SOURCE DATA:
+ + +

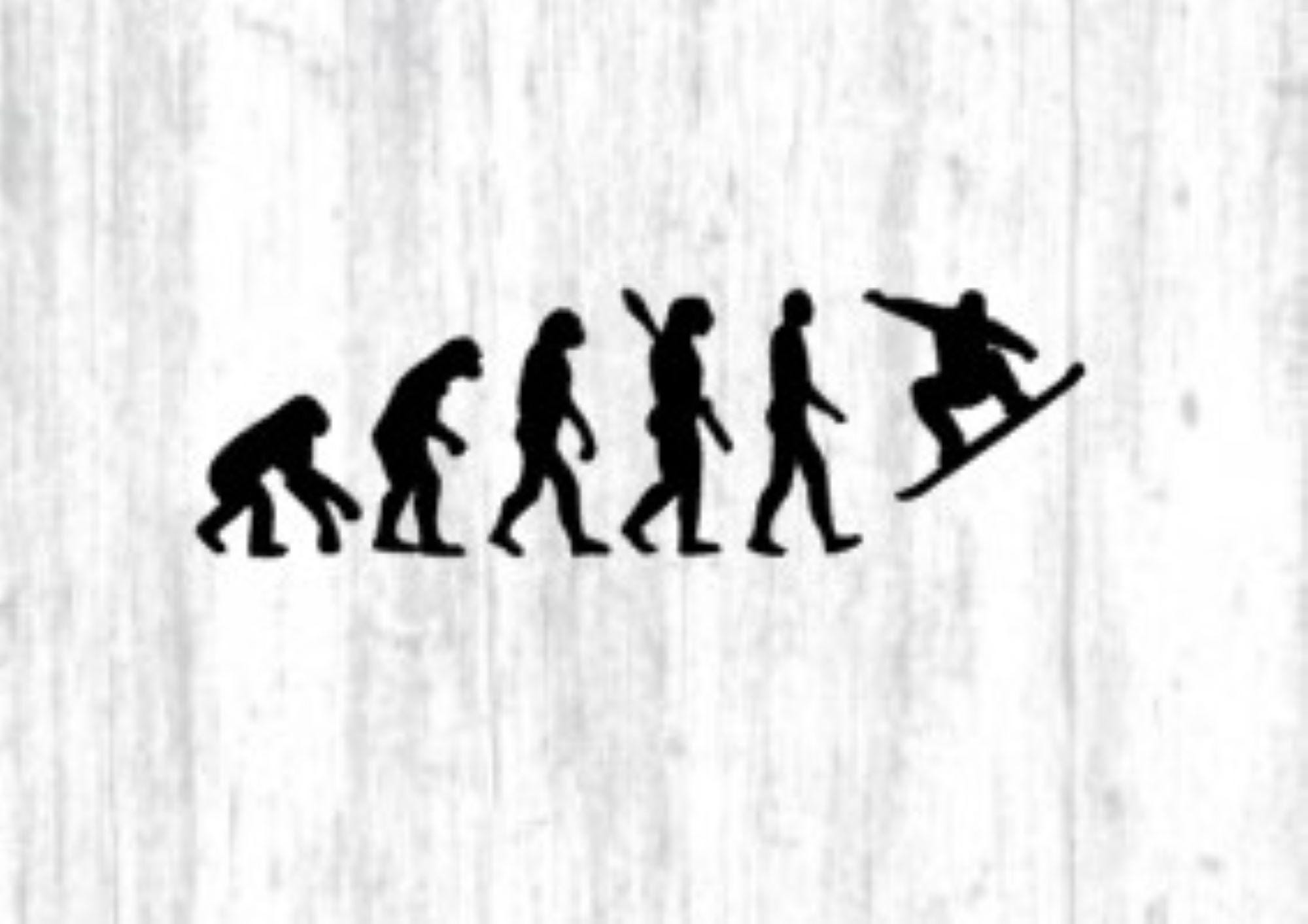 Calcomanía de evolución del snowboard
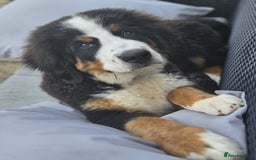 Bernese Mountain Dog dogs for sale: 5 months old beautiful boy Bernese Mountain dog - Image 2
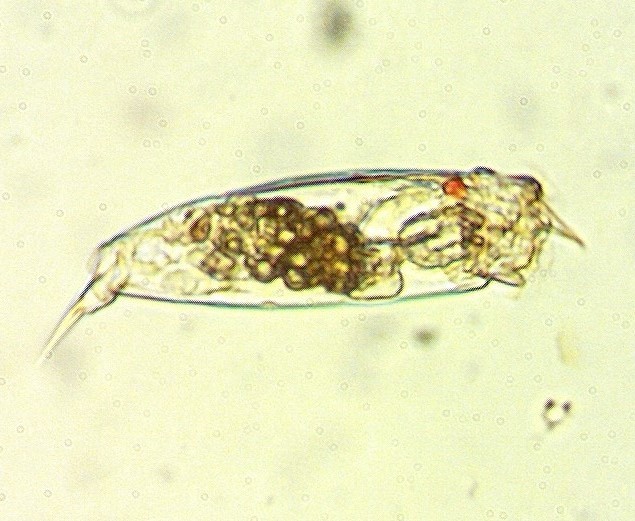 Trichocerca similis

+ + +

EXERCISE GOAL: From the line containing "Bernese Mountain Dog dogs" through the last line of the listing, inclusive, transcribe every line exactly and nothing else; the pictures stay out.

THE ANSWER:
 Bernese Mountain Dog dogs for sale: 5 months old beautiful boy Bernese Mountain dog - Image 2
 Trichocerca similis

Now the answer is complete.